Who at the FTC is on the Lexington payroll?

Below is the 6/25/09 FTC press release:

‘Credit Repair’ Operation Settles with FTC; Company Made False Claims and Charged Illegal Up-Front Fees

A federal court has ordered a credit repair operation and its principals to stop making false claims and requiring advance payment for credit repair services. The agreed-upon court orders are a result of a settlement between the Federal Trade Commission and the “credit repair” defendants.

The Commission sued the defendants in October 2008 as part of “Operation Clean Sweep,” a crackdown on credit repair operations. The defendants represented that they could remove negative but accurate information from consumers’ credit reports, including bankruptcies and late fees. According to the FTC, the defendants charged consumers up to $59.95 initially, then $59.95 per month, to send letters to credit reporting agencies disputing information on the consumers’ credit reports. Contrary to the defendants’ representations to consumers, those dispute letters failed to remove accurate negative information from the consumers’ credit reports.

The orders bar the defendants from violating the Credit Repair Organizations Act by charging clients fees in advance and claiming that a credit repair organization can permanently remove negative information from credit reports, even when the information is accurate. They also bar the defendants from making deceptive claims when marketing any product or service, including credit repair services.

The orders further prohibit the defendants from collecting money from consumers who purchased their services before December 3, 2008, when the court halted their unlawful practices, and from disclosing or benefitting from customers’ personally identifiable or financial information. The orders require them to take reasonable measures to protect consumers’ personally identifiable information during its disposal.

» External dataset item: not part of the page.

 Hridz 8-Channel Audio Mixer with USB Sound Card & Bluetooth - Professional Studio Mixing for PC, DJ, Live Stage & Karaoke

The order against Ace Group, Inc., doing business as American Credit Experts, Inc., The Ace Group, Inc., The Ace Group, and ACE; Legal Credit Repair Center, Inc.; Michael Singer, and Gerald Roth, imposes a $20,645,754 judgment that will be suspended if Singer and Roth pay $5,000 each because of their inability to pay the full judgment. The order against Melvin Kessler also imposes a $20,645,754 judgment, which is suspended based on his inability to pay. If the defendants are found to have misrepresented their financial condition, the full judgments will become due immediately. The orders also contain record-keeping and reporting provisions to allow the FTC to monitor compliance with the orders.

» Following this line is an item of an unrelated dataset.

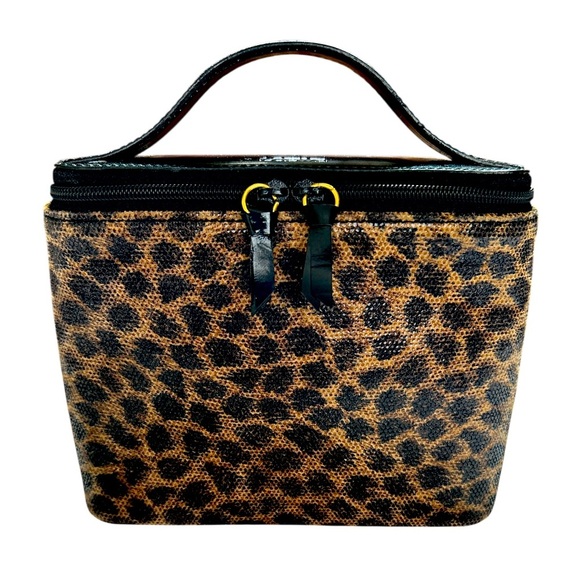 Loewe Leopard Enamel Leather Cosmetic Bag - Picture 1 of 11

The FTC advises that only time, effort, and a personal debt repayment plan can improve your credit report. The first step is to learn what information is in your credit report. Federal law requires that the nationwide consumer reporting companies – Equifax, Experian, and TransUnion – provide you with a free copy of your credit report once every 12 months, if you ask for it. To order your free report, visit annualcreditreport.com, call 1-877-322-8228, or complete and mail the Annual Credit Report Request Form. If you find errors or mistakes in your credit report, federal law gives you the right to have them corrected – free of charge. Credit repair information is available in “Credit Repair: How to Help Yourself,” at http://www.ftc.gov/bcp/edu/pubs/consumer/credit/cre13.shtm.

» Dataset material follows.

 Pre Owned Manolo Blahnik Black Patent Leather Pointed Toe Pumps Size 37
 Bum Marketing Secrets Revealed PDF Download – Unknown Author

The Commission vote authorizing staff to file each of the stipulated final orders was 4-0. The orders were filed in the U.S. District Court for the Southern District of Florida and were entered by the court on June 3 and June 15, 2009.

NOTE: Stipulated court orders are for settlement purposes only and do not necessarily constitute an admission by the defendants of a law violation. Stipulated orders have the force of law when signed by the judge.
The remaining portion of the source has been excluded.